Dalam perjalanan pulang, Nada memandang ombak dan horizon dari jendela perahu. Matanya tidak berkedip, angin laut meniup sebagian rambut yang yang tertutup topi. Ia tidak bergerak, terpana menatap biru di luar jendela sampai beberapa waktu seperti tersihir. Mungkin kenangan tentang laut biru yang misterius itu akan ia ingat sepanjang hidup.
Mungkin ingatan tentang laut itu akan terlupa, tapi dalam beberapa tahun kedepan hati saya masih akan dipenuhi perasaan hangat ketika melihat foto-foto tersebut. Salah satunya foto sunrise di depan penginapan. Matahari masih rendah di langit pagi, mengukir siluet emas anak-anak yang sedang mencari kerang.

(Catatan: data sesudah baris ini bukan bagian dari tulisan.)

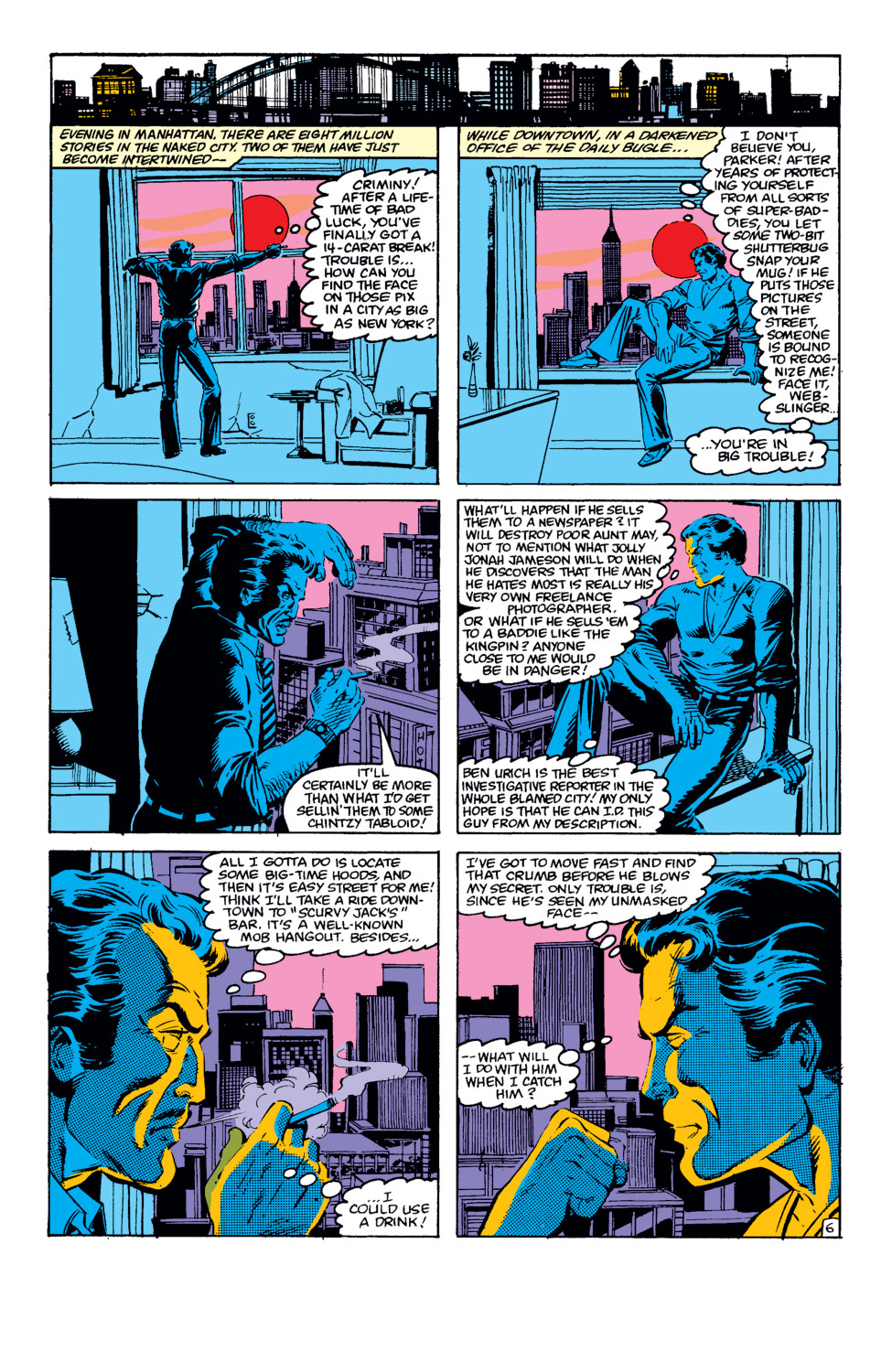 Read The Amazing Spider-Man (1963) Manga Online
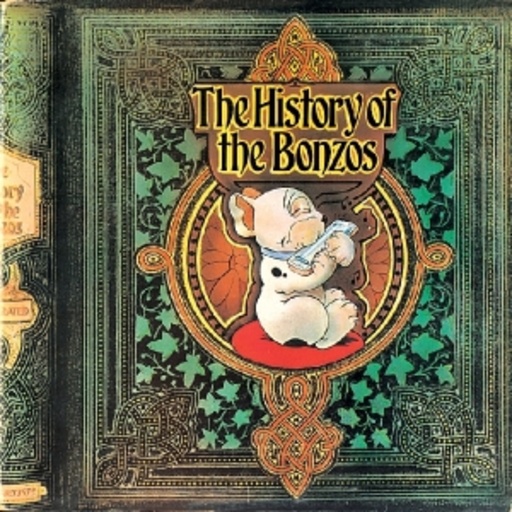 Bonzo Dog Doo Dah Band – History Of The Bonzos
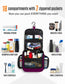 Hanging Travel Toiletry Bag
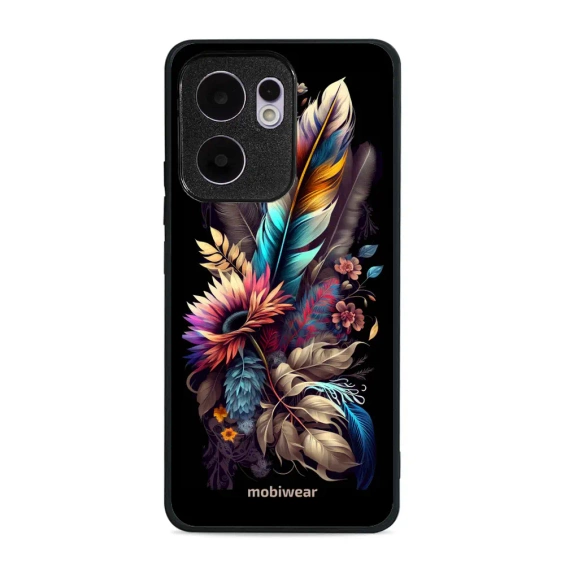 Phone Glossy Case OPPO Reno 13 F 5G - Design G011G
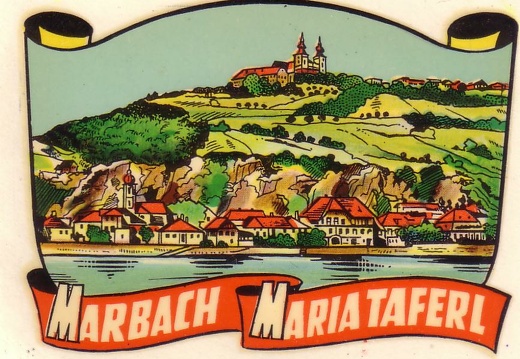 Marbach Maria Taferl
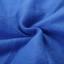 Плед Supretto Snuggie Blanket з рукавами, 180х140 см, синій (B114-0002) - мініатюра 2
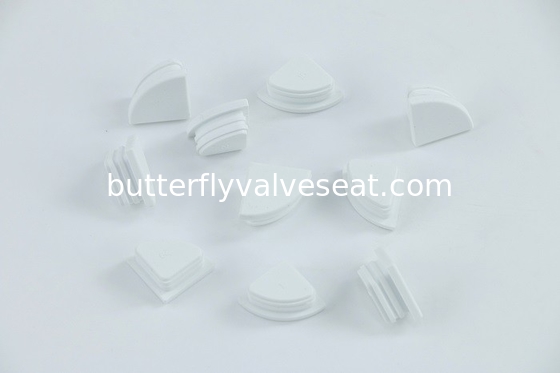 Non Slip Rubber Medical Components Easy To Clean Chemical And Heat Resistant For Medical Equipment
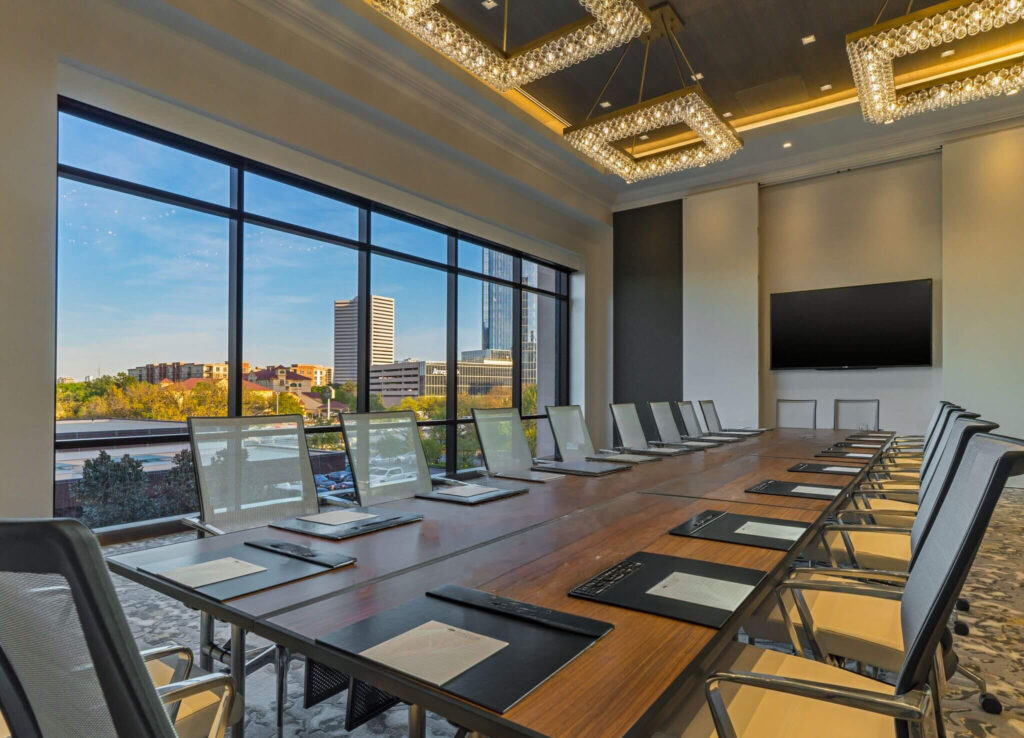 meeting room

Sinar lembut itu terperangkap di topi kecil dan rambut, suara tawa mereka bercampur dengan angin dan ombak.
Waktu tidak pernah mundur ke belakang. Hari ini akan berakhir bahkan sebelum kita sadari. Seperti keindahan matahari senja yang hanya sekejap, begitu juga masa kanak-kanak.